Full truncate / generation numbering bug

Sep 24, 2010 by pauln

Full truncate causes the FID’s generation number to be increased. This is mainly for garbage collection purposes so that sliod objects may be garbage collected asynchronously. Upon being presented with a new FID/gen pair, sliod will create a new object. When dealing with full truncate this technique gets tricky. In single writer mode, we must ensure that queued writes, originating prior to the truncate are either not flushed at all and/or do not end up in the sliod object representing the new FID/gen pair.

In multi-writer mode each clients should be in directio mode, meaning that some relative order of operations can be implied. Therefore bdbuf’s with an old generation number may be targeted at the current backing file so long as a directio indicator is set. A directio indicator should be similar to the one used for O_APPEND writes.

Any read, regardless of its bdbuf’s generation number, should be targeted at the current sliod object.

For now, our client-side implementation of truncate will work like this:

Full truncate:: All existing bmaps are "orphaned" so they may be replaced by bmaps with the most recent bdbuf tokens. Pending or inflight I/O's may still be processed. This is allowable because sliod will see that the generation number is old and that these are asynchronous writes. Therefore they will be dropped. The client could be made to cancel the flush operation for these writes too.
Partial truncate:: Block or cancel all writes past the truncation point so that asynchronous writes do not compromise the operational ordering.
Reads and DIO writes:: These always go the most recent object.
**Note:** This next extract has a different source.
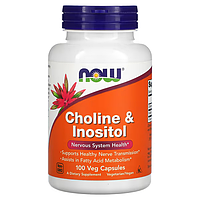 Холин и инозитол, Choline & Inositol NOW Foods, 100 растительных капсул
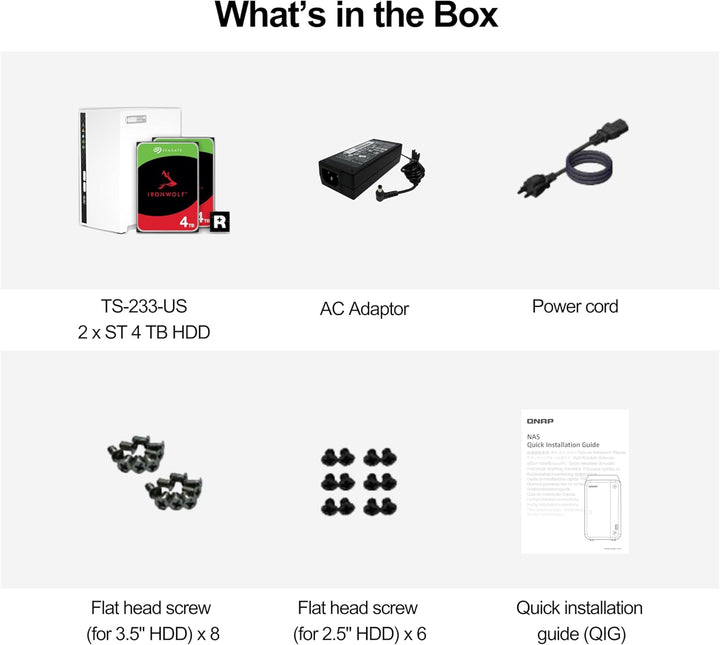 QNAP 2 Bay Home NAS mit 4 TB Speicherkapazität, vorkonfiguriertes RAID 1 Seagate IronWolf Drives Bun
More fcmh generation number woes

Sep 20, 2010 by pauln

It seems there’s no good way for the MDS to inform the client, which holds existing bdbuf’s, that the generation number has changed. sliod relies on the bdbuf to authenticate the I/O from the client. However, when full truncates occur, there’s currently no good method for adjusting the generation number within existing bdbufs held by the client. The result is that I/O’s are being targeted to the incorrect backing file on sliod.

fcmh generation problems

Sep 20, 2010 by pauln

The method I’m exploring now is one where the clients will flush their bmap caches and release bdbufs for bmaps belonging to the truncated FID. We must ensure that no async I/O’s issued prior to truncate are sent to sliod before acquiring new bdbufs. Therefore we must lock the fcmh and iteratively free its bmaps prior to sending any truncate RPC to the MDS.

Verify that s2 generation number is being handled properly for CRC updates

Sep 16, 2010 by pauln

File size of 0 found during kernel untar

Sep 16, 2010 by pauln

I think this is due to several restarts of the MDS while I/O to the sliod was ongoing. Still tracking.

For now here’s a simple regression test to track this:

cli1:

(cd /tmp/ && tar jxf ~pauln/linux-2.6.34.tar.bz2 && find linux-2.6.34 -type f -exec md5sum {} ; > /tmp/md5s)

cli2:

(~pauln/s2reg/kernel.sh > /dev/null)